Cardinal Zen ‘very concerned’ about Synod on Synodality

January 17, 2023 Catholic News Agency 5
Cardinal Joseph Zen, former bishop of Hong Hong, attends the funeral Mass for Pope Emeritus Benedict XVI on Jan. 5, 2023, in St. Peter’s Square. / Credit: Diane Montagna

Rome, Italy, Jan 17, 2023 / 07:21 am (CNA).

Cardinal Joseph Zen has said that he is “very concerned” about what could happen with the ongoing Synod on Synodality and that he is praying that “our pope will have greater wisdom.”

In an interview with the Italian newspaper Il Giornale published on Jan. 17, Zen said he hopes the synod will change from its current course.

“I fear that the synod is repeating the same mistake of the Dutch Church 50 years ago when the bishops backtracked and accepted the faithful to lead the Church; then their number decreased,” he said.

The retired bishop of Hong Kong was likely referring to the Pastoral Council of Noordwijkerhout held in the Netherlands between 1966 and 1970, which called for Church authority to be carried out in dialogue, for women to assume ecclesial roles, and for priestly celibacy to be optional in the Church.

The council followed the publication of the “Dutch Catechism,” a text so controversial that Pope Paul VI asked a commission of cardinals to examine its presentation of Catholic teaching. 

In the interview, Cardinal Zen also reflected on his private meeting with Pope Francis when he was allowed to travel to Rome for the funeral of Pope Benedict XVI earlier this month, calling it “a wonderful meeting, very warm.”

“I thanked the pope for the good bishop appointed to Hong Kong in 2021,” Zen said, referring to Hong Kong Bishop Stephen Chow.

He said Pope Francis replied: “’I know it well, he is a Jesuit!’”

The cardinal, who turned 91 last week, also told the pope about how he has dedicated his time over the past decade to prison ministry in Hong Kong and has baptized several prisoners: “Francis said that he was very happy for my ministry.”

Zen himself was arrested last year under Hong Kong’s national security law.

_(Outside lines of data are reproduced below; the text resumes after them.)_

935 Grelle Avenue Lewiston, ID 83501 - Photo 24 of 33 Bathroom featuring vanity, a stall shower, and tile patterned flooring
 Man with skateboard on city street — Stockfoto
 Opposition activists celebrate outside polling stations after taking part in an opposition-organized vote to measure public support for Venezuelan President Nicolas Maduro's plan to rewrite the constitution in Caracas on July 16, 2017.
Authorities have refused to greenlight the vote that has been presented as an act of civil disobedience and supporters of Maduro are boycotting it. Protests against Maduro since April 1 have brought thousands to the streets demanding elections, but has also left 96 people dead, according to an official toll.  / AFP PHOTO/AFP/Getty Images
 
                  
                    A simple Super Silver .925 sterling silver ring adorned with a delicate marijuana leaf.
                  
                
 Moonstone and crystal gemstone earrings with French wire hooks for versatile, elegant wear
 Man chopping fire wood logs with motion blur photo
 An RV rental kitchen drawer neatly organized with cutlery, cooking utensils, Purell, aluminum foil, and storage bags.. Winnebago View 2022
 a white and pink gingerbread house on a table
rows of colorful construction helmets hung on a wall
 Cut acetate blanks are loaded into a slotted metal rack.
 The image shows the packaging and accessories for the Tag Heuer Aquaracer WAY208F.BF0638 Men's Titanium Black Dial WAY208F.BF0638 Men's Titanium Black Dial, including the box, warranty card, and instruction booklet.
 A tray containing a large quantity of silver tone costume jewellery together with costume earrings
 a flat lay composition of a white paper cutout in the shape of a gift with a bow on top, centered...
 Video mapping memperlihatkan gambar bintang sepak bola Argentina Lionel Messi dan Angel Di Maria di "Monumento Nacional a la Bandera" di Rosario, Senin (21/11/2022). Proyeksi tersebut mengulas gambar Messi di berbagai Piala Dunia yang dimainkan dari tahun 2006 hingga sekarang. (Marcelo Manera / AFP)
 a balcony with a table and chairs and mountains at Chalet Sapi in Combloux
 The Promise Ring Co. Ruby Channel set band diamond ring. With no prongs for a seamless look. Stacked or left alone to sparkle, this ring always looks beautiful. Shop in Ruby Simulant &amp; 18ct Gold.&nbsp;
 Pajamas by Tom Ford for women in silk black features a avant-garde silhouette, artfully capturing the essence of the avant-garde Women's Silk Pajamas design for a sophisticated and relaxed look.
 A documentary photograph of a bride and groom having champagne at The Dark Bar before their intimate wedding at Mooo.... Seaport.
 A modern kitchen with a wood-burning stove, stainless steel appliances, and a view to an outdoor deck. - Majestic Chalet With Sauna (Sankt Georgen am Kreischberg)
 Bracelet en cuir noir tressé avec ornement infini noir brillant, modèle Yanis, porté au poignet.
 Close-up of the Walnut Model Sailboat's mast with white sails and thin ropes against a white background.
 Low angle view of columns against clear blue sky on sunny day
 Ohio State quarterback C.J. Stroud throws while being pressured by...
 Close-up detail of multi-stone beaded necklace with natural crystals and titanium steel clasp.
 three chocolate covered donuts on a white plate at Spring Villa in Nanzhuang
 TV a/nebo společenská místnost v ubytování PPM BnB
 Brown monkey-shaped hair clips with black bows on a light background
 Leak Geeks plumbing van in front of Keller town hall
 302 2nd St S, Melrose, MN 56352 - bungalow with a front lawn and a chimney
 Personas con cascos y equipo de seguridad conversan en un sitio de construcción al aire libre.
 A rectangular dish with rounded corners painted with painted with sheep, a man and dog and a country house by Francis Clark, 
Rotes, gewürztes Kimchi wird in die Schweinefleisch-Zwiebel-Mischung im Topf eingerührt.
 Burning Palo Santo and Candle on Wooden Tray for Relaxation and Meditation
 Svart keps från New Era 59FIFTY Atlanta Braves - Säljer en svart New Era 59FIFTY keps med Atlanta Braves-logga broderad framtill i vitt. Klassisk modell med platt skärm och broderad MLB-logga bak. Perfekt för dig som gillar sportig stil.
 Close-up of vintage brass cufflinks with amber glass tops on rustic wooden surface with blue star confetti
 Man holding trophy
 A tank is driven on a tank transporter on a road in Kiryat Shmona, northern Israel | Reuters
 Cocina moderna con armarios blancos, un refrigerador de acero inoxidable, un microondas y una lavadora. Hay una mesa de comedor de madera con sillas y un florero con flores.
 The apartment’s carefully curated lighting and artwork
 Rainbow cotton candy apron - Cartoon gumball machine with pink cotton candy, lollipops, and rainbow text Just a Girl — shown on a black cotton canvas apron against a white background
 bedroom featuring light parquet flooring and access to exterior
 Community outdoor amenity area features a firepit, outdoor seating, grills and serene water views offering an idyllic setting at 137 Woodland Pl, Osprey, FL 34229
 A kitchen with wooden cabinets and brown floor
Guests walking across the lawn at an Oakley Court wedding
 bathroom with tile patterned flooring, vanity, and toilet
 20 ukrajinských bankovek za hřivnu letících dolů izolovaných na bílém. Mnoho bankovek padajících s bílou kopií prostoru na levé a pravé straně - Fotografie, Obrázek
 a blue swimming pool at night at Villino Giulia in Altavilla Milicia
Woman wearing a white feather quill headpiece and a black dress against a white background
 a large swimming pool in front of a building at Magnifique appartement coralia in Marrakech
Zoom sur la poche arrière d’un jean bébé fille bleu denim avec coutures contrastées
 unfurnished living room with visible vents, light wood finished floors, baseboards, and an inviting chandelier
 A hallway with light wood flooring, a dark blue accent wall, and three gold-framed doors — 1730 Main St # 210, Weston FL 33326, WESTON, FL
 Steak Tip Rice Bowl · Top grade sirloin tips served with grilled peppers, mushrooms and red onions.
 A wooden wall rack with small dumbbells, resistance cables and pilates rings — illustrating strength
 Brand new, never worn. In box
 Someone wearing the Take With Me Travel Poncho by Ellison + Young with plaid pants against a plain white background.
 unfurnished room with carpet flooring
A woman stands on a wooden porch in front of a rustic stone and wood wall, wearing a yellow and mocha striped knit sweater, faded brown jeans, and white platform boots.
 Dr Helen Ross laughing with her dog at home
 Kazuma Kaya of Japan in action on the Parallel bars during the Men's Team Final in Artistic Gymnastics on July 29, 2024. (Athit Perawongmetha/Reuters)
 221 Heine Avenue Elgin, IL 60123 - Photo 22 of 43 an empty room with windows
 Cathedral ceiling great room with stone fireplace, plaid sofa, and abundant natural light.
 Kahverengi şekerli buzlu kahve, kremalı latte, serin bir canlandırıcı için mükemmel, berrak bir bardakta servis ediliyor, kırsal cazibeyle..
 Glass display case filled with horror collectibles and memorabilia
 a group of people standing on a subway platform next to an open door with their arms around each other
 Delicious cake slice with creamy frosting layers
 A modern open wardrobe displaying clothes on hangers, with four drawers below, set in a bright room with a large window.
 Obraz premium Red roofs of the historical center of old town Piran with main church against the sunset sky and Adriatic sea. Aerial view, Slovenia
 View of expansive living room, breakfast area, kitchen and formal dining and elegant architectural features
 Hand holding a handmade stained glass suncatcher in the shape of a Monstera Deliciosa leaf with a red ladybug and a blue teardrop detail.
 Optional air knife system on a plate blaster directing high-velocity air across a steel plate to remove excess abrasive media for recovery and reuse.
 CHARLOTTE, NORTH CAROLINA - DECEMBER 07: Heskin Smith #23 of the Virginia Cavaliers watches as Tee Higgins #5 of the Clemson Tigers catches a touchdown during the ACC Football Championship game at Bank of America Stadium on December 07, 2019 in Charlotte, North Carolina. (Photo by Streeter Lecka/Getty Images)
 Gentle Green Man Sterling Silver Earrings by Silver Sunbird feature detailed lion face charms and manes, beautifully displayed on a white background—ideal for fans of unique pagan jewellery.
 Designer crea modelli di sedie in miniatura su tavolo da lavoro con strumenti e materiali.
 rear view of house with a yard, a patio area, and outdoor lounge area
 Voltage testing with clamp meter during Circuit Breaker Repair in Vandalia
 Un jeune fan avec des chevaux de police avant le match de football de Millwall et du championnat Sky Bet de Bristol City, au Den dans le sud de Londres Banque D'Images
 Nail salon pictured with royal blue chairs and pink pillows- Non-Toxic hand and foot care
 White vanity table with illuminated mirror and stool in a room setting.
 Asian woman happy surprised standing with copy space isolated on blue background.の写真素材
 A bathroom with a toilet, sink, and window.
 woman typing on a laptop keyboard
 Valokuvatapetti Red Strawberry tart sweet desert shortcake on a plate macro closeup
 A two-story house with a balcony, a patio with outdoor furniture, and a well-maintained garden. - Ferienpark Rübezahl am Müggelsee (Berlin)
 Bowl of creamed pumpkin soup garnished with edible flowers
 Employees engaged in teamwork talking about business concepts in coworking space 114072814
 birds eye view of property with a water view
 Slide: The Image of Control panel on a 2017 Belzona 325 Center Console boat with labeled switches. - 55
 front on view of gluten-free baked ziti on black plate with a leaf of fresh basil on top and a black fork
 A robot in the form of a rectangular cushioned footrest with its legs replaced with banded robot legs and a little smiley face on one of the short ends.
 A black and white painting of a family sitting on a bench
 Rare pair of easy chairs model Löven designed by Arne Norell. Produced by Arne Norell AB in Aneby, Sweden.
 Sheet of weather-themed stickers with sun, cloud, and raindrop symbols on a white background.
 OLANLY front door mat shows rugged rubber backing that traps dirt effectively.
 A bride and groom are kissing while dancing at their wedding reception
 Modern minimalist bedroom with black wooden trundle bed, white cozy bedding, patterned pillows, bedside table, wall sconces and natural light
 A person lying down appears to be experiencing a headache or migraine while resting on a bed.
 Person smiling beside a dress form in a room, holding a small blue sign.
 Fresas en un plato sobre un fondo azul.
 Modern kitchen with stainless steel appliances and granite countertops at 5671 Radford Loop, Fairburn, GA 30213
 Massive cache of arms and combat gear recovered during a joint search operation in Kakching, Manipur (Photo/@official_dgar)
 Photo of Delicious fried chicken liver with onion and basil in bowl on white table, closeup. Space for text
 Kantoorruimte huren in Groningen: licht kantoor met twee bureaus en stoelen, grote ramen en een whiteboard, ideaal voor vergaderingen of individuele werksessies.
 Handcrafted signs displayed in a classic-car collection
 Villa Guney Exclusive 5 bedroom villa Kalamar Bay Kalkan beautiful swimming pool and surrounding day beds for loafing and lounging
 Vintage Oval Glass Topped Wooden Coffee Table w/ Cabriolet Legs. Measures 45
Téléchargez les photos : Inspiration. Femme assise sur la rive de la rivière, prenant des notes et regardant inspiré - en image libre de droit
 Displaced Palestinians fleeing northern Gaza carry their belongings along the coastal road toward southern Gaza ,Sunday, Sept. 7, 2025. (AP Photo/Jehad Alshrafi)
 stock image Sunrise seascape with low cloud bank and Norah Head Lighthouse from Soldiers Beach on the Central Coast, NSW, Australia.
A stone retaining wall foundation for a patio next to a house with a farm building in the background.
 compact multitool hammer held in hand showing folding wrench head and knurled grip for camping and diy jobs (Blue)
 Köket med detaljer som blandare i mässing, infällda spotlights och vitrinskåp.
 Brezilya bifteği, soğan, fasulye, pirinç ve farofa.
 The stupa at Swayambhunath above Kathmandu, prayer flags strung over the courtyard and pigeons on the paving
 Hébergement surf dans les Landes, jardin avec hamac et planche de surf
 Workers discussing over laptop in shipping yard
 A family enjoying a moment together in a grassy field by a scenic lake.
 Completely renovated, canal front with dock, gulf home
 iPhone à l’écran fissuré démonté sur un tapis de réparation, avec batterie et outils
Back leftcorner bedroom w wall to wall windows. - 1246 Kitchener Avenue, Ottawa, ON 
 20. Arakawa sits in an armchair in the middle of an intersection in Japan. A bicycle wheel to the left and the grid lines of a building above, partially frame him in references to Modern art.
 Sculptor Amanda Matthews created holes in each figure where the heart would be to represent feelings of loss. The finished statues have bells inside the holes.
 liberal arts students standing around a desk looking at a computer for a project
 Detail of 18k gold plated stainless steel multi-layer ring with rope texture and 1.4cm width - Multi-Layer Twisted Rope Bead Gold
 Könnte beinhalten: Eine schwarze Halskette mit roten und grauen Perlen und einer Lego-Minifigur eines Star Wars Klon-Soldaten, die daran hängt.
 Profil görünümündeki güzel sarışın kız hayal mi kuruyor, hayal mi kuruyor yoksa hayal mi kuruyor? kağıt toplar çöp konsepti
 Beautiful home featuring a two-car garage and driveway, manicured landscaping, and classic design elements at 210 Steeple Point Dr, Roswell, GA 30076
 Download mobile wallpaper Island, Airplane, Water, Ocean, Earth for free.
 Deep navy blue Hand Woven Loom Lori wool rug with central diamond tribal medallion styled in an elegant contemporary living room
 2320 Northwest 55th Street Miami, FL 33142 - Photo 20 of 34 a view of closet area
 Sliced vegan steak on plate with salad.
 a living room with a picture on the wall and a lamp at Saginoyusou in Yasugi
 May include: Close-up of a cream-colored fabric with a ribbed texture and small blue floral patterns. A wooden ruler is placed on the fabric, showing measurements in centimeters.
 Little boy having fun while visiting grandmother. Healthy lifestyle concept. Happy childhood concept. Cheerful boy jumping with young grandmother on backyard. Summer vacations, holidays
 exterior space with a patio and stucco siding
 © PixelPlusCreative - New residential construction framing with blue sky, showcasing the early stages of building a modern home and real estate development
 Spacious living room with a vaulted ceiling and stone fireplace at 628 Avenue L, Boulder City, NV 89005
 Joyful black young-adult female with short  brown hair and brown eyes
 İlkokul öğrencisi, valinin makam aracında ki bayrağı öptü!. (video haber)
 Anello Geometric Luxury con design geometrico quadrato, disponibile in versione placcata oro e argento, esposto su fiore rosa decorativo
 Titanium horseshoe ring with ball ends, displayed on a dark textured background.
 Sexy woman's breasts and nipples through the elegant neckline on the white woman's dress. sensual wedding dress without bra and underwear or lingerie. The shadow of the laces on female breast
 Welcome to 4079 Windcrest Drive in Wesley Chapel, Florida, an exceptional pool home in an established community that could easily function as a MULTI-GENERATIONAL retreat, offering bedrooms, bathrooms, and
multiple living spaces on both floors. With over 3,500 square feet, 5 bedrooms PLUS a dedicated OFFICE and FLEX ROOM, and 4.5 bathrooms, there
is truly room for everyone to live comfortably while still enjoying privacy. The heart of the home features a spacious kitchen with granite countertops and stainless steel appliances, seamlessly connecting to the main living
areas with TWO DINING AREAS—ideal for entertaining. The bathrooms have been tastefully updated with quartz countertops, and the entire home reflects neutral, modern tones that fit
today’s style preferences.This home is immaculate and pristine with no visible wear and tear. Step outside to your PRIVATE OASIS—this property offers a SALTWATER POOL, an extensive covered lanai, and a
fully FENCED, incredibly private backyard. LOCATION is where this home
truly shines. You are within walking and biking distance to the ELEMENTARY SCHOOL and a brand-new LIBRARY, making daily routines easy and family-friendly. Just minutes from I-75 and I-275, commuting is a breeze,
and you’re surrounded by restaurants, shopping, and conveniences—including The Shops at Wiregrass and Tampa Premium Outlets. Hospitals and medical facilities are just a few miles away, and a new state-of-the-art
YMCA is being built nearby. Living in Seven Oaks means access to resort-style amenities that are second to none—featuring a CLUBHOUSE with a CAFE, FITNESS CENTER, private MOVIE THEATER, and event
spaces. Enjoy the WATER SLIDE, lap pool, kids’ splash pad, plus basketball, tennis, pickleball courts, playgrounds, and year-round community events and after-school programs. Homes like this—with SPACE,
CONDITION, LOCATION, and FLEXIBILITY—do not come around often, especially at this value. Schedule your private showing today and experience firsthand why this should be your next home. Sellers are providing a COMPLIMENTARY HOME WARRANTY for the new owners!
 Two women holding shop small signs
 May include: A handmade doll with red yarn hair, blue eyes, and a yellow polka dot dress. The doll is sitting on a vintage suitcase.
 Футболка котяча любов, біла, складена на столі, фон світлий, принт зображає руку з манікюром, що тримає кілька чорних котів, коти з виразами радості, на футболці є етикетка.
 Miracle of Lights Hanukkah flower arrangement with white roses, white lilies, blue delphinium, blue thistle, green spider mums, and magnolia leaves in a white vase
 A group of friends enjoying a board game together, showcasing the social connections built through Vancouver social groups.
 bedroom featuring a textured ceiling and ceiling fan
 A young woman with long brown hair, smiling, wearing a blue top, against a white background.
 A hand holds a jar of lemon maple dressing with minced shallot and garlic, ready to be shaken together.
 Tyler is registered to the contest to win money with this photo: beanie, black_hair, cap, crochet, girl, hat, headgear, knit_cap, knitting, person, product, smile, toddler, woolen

He said that Catholics in China are living in a difficult situation and “we must never forget to pray in these difficult times.”

“Many faithful bear witness to their faith conscientiously but we know that when the situation becomes difficult, some think only of their own interests. We continue to uphold truth, justice, and charity. Darkness will not win over the light,” he said.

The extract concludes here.